Data supplied START
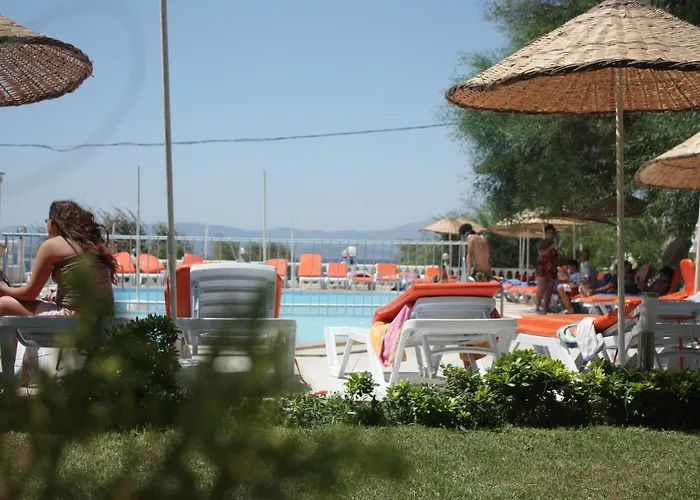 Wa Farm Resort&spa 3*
Data supplied END
Data supplied START
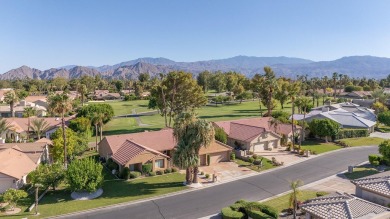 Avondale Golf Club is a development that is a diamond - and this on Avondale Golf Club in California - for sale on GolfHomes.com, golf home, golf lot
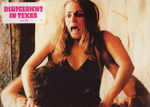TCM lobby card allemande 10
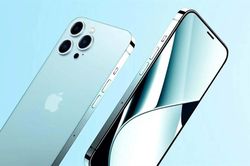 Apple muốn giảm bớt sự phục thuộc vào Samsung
Data supplied END
## Task instructions
Within these entries, output exactly the lines starting at the one with "TCM lobby card allemande 10" and finishing at the one with "Apple muốn giảm". Leave pictures out of the output.

## Task result
TCM lobby card allemande 10
 Apple muốn giảm bớt sự phục thuộc vào Samsung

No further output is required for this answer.